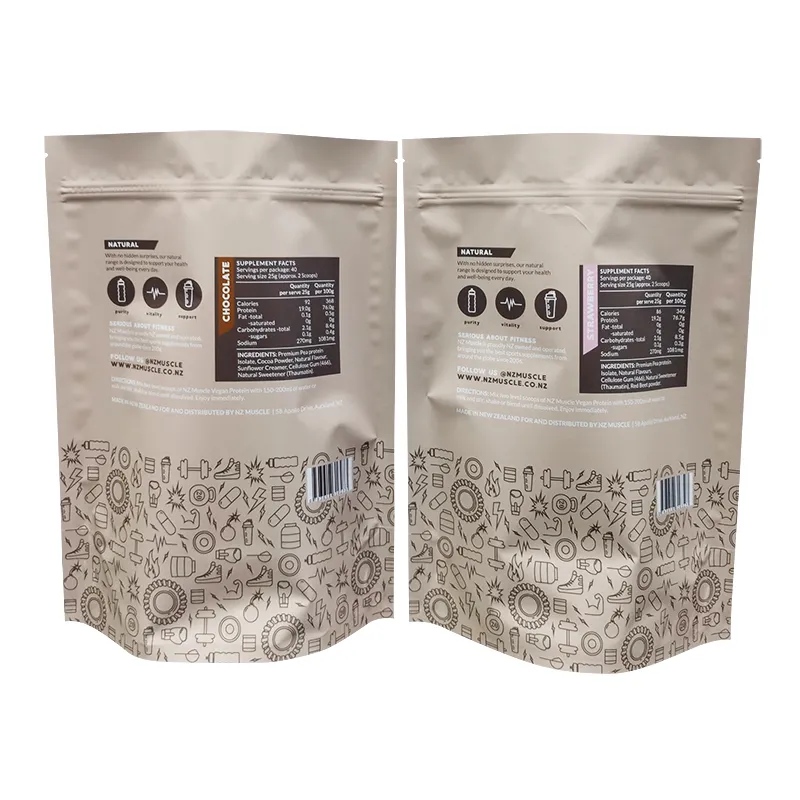 Biodegradable Stand Up Pouches Low MOQ Wholesale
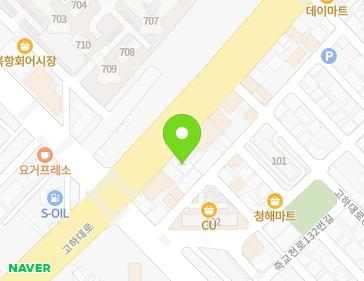 전라남도 목포시 고하대로 620-1 (산정동) 지도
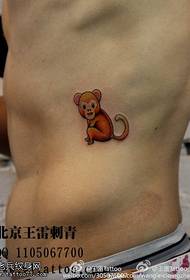 ຮູບແບບ tattoo monkey ງາມງາມ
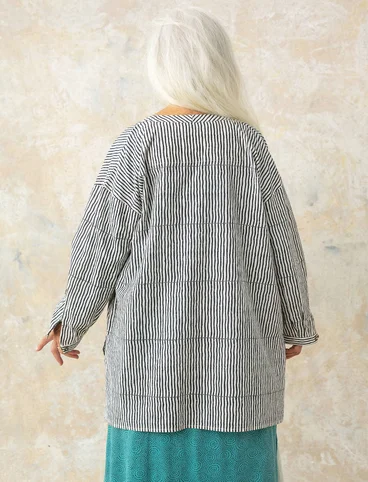 “Ella” woven shirt in organic cotton - svart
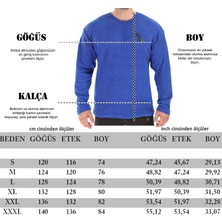 Big Sam Erkek Oversize Sweatshirt Kışlık Havlu Kumaş Kazak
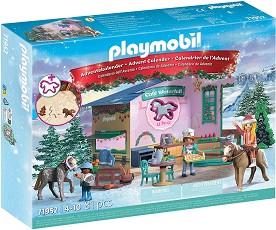 Playmobil - Печене на коледни сладкиши в Rider Cafe — 71952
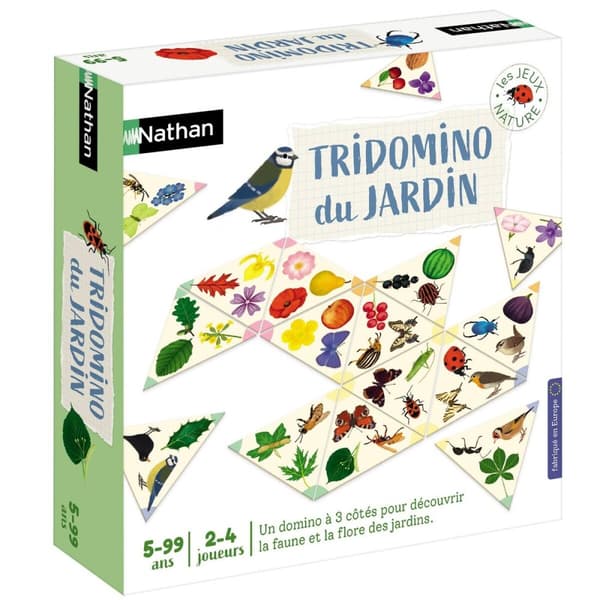 Sällskapsspel Nathan Tridomino Du Jardin (FR)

Exercise
Transcribe exactly the lines that go from the one holding "Big Sam Erkek" through the last line of the entries, both included, and nothing besides them. Do not include any pictures.

Final answer
 Big Sam Erkek Oversize Sweatshirt Kışlık Havlu Kumaş Kazak
 Playmobil - Печене на коледни сладкиши в Rider Cafe — 71952
 Sällskapsspel Nathan Tridomino Du Jardin (FR)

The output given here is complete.